The ZK server interacts with the client over a TCP long connection. The ZK server can enable the TCP Server in either of the following ways:

  1. Based on Netty implementationNIOServerCnxnFactory
  2. Implemented based on Java native NIONIOServerCnxnFactory

Note that ServerCnxnFactory is only used for client connection management and has no relation to the interaction between other servers. The default mode is used online, that is, NIOServerCnxnFactory mode, so next mainly to analyze NIOServerCnxnFactory mode prevail

Before we talk about connection management, let’s look at thread management in NIOServerCnxnFactory: which threads are used to process connection requests, which requests are used to process read and write requests, how many Selector threads are opened, and so on. Since the exact number of threads is related to the number of CPU cores by default, we assume the number of CPU cores is 8:

  1. Connection request: corresponding1Two threads, i.eAcceptThread, the thread will hold a separateSelector. If you receiveConnection request, will correspond to the requestSocketChannelPushed to theBlocking queues in SelectorThreadAnd then the logic goesSelectorThreadTo deal with
  2. SelectorThread: The number of threads issqrt(numCores/2)So there are two of themSelectorThreadThreads, one for eachSelector. This thread has two functions, one is processingAcceptThreadPushed inConnection requestAnd encapsulate it intoNIOServerCnxnObject maintained in the Map cache; Another function is receptionRead and write requests, and then encapsulates the read and write request intoIOWorkRequestObject, and finally submitted toioWorkersThread pool, which just receives THE I/O requests and quickly submits them toioWorkersThread pool, the specific business logic byioWorkersThread pool processing, so this process is also very fast
  3. ioWorkers: The number of threads isnumCores*2, so the number of threads is 16. This thread pool is used for processingSelectorThreadA thread submits multiple IO tasks, i.e. specific business logic.
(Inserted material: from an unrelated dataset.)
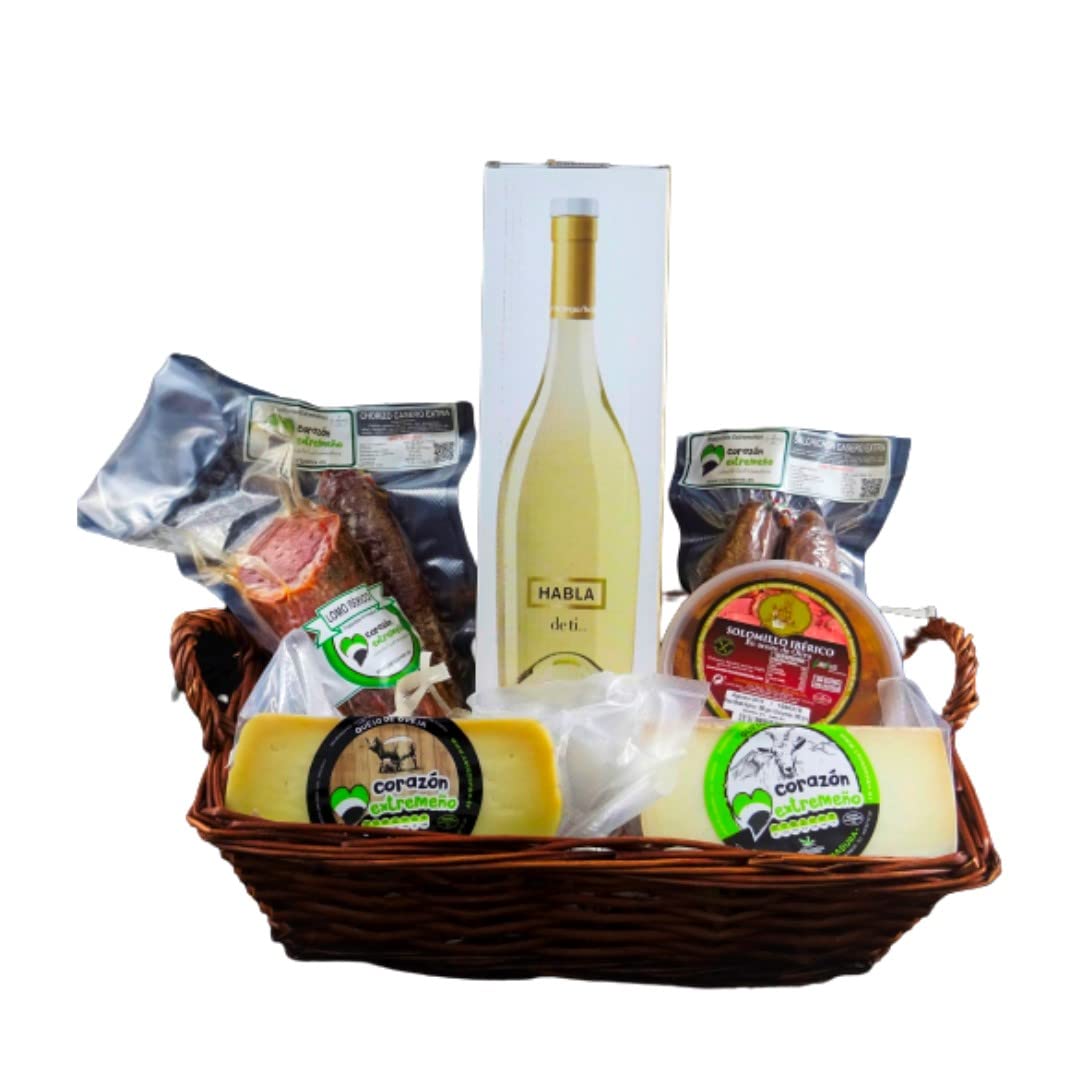 Cesta de Regalo para Empresas con Chorizo Ibérico, Caña de Lomo Ibérico, Queso de Cabra, Vino Blanco Habla de Ti – Corazón Extremeño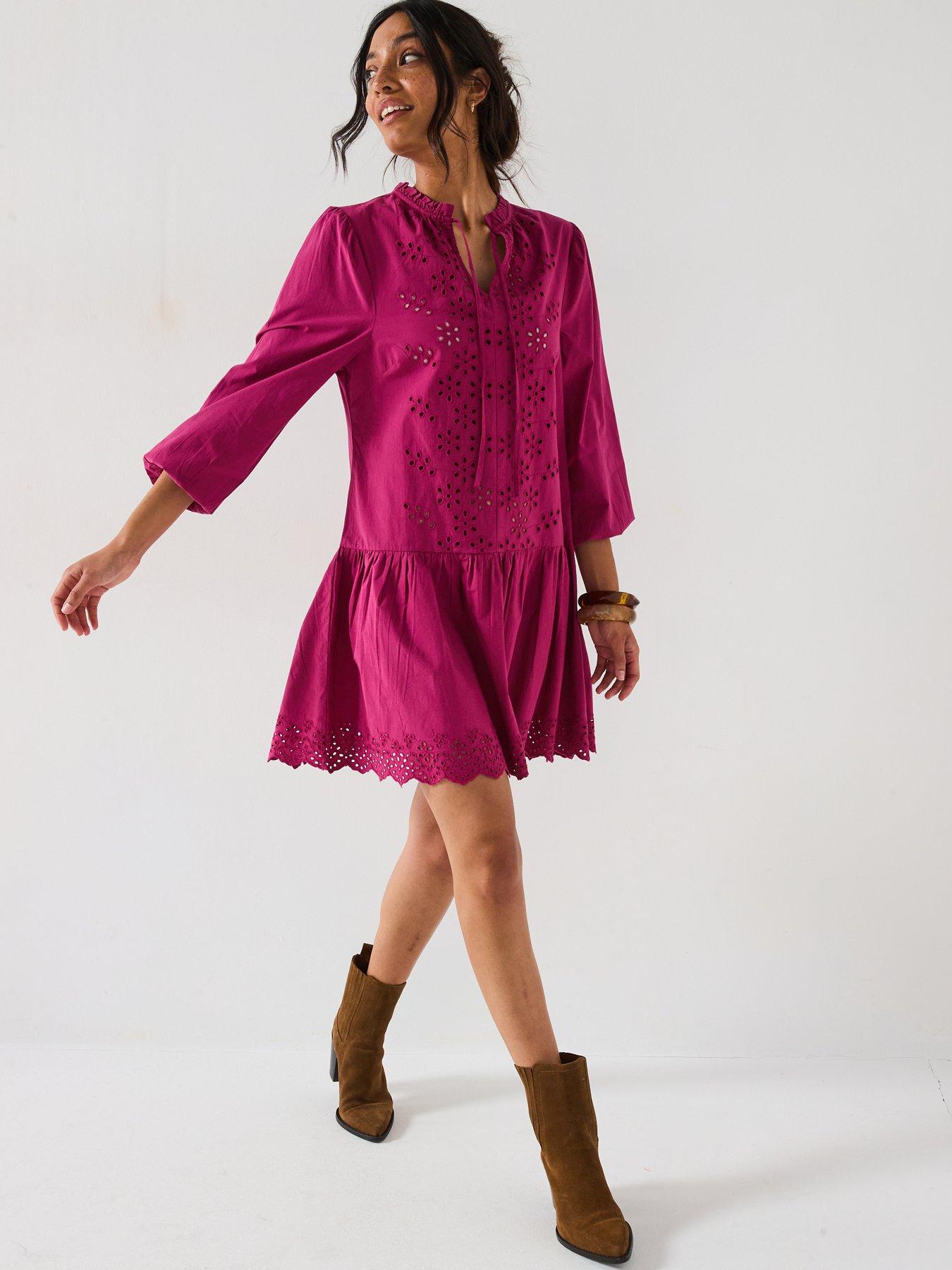 Image 1 of 6 of V by Very Tie Neck Broderie Mini Dress - Burgundy Red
The default thread pool type isExecutors.newFixedThreadPool.NIOServerCnxnthroughSelectionKey#attachmentpass
  4. ConnectionExpirerThread: Number of threads 1, corresponding to the figureClearThread, which is used to clean up connections that have expiredExpiryQueueData, there is an introduction to the data structure, referenceSession managementchapter

NIOServerCnxnFactory: NIOServerCnxnFactory: NIOServerCnxnFactory: NIOServerCnxnFactory: NIOServerCnxnFactory: NIOServerCnxnFactory As mentioned briefly, it is encapsulated as a NIOServerCnxn object

  1. NIOServerCnxn: can be thought of as an abstraction of the client connection. Some of the client request processing that will be covered later is related to this object
  2. ipMapTo:The client IP address is key and NIOServerCnxns is valueThe hash table. A ZK client can establish multiple long connections with the server. The server limits the number of connections to each ZK client. The default value is yes60
  3. cnxns:NIOServerCnxnSet Set, used primarily for4 word order

Session management

  1. This parameter is involved when the client makes the first I/O requestNIOServerCnxnInitialization of an object, that is, executionNIOServerCnxn#readConnectRequestmethods
  2. Because this is the first IO request, the client and server only establish a TCP long connectionSession, so one will be created for the client in this methodSessionImplObjects, that is,ZooKeeperServer#createSessionmethods
  3. Continue to performSessionTracker#createSessionMethod that will be createdSessionObject maintenance toSessionTrackerImplIn the cache, and return asessionIdAnd then the client will bring it with it every time it requests itsessionId. In clustered mode, you also need to synchronize this Session to other server nodes, which is more complicated, but we’ll look at that later
  4. Will create thesessionIdMaintenance toNIOServerCnxnIn the object
  5. NIOServerCnxnThe object is initialized and then an IO request is receivedNIOServerCnxn#readRequestMethod, and then callZooKeeperServer#processPacket => ZooKeeperServer#submitRequestMethods. This method is called firstZooKeeperServer#touchMethods,SessionTrackerImplUpdate the active time of the session in. An error is reported if the session has expired. Then hand over the requestZooKeeperServerBusiness logic chain for processing

How are Sessions maintained in SessionTrackerImpl? How does it know which Session expires and which Session doesn’t expire?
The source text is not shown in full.